Jenna on March 23, 2011 at 9:45 pm

To be honest, I am a little disappointed in this post/thread. More facts are needed about the exact details of the transaction. Was it stolen, or sold to raise funds to flee?

These are two different things. If money or services were exchanged it is a sale.

If a disaster happens here, or the Chinese invade, and you trade your painting for a ride (from even say a Chinese person w/no relation to the invading army), how can you say the transaction is not valid later?

Or say you sell something to buy a gun to defend yourself when you expect to be attacked, how is that not a very wise trade? You can’t go back a blame the person who helped you get out, or who sold you the gun.

Now if they left it in their home while fleeing, & it was taken by Nazi’s. Yes then, that is stolen.

M-B on March 23, 2011 at 11:14 pm

Elizabeth, who?

Dianne & Brian on March 24, 2011 at 4:26 am

If it was sold by the owners(under duress or not) then it was not stolen or confiscated. I abhor the Holocaust activities and truly understand the misery it caused and why someone would be under duress to sell, but sold is sold.

CJ on March 24, 2011 at 9:55 am

Here is Taylor’s lawyers characterization of the sale per the Washington Post article cited in part by Debbie above.–

“Lawyers for Taylor, 75, claimed the painting was sold through two Jewish art dealers to a Jewish art collector with no evidence of any Nazi coercion or participation in the transactions. “

George Murphy on March 24, 2011 at 12:21 pm

I must side with Liz! You state several things that must be exaimed and once you do you realize the painting was sold in order for the family to flee! They sold it!!!!!! Sold it whom and for how much. You don’t say it was taken by the Nazi’s…you said it was SOLD! It was also a gift to her by her father, well I would have to say it became a keepsake! Did the family offer to buy it back or just sue Liz to give it back to them! So, the family gets paid when they sold it and then want it back for free? WTH?

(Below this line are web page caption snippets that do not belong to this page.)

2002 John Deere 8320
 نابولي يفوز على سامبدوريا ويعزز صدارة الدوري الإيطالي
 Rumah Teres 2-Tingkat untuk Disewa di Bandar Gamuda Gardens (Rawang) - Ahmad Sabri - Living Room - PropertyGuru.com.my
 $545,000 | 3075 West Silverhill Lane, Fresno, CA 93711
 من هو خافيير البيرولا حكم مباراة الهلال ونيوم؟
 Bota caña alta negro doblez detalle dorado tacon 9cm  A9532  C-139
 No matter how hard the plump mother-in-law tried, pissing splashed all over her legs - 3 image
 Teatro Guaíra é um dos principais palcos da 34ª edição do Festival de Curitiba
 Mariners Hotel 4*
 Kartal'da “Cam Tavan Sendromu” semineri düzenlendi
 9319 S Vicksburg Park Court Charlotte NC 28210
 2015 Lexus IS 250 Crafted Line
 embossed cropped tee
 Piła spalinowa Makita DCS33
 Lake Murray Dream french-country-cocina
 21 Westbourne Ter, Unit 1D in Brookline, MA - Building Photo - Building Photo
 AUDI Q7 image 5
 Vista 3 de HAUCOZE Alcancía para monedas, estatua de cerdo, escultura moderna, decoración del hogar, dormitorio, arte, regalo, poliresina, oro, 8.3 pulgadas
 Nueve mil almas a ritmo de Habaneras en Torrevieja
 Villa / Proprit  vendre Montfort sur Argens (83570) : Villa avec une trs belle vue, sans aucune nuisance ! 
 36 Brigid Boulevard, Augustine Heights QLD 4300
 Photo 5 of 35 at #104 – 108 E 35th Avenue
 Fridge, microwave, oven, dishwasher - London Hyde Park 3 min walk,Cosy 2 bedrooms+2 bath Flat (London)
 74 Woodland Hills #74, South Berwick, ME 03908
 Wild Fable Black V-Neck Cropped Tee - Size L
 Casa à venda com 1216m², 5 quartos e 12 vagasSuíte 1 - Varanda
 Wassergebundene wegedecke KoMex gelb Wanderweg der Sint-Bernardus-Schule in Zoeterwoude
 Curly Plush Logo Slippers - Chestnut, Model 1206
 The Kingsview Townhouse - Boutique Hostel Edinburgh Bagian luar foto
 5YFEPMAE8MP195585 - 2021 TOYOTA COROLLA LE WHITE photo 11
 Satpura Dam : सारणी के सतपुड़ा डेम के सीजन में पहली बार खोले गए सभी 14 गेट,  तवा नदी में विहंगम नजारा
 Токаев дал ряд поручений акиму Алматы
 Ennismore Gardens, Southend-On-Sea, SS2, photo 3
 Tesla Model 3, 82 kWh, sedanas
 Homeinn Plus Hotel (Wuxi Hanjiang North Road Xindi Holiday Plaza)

Kaju Chyna on March 25, 2011 at 1:54 am

I think Elizabeth Taylor’s heart was in the right place, just her head was a little off-kilter. I think that is obvious. I think her loyalty to her daddy outweighed rational thought. I think I will give her a pass on this one, considering what she did for Israel. She sort of endangered her life by rousing the anger of Muslims world wide.

Onlinescoop on March 25, 2011 at 2:05 am

Van Gough only sold one painting is his life, it is not the painting in question. Most of his paintings were stolen after his brother die. The family in question more than likely did not come by the painting by the most legal of means.
They have no more claim to it than Elizabeth Taylor.

Pete Bone on March 26, 2011 at 9:26 pm

Pete Bone – you managed to kill many birds with one stone in your comment. Please don’t malign holocaust victims unless you know what you are talking about.

Onlinescoop on March 27, 2011 at 1:20 am

    I’m not trying to be insulting to anyone. I’m just pointing out the fact that the “original” owners mostly likely had no more legal claim to the painting than Elizabeth Taylor.
    How can you claim that you have the right to a painting that was stolen over someone who stole the painting from you?

    Pete Bone on March 27, 2011 at 8:56 pm

Didn’t she convert to marry Mike Todd and married Eddie Fisher after Todd’s death in a plane crash while already a converted Jew?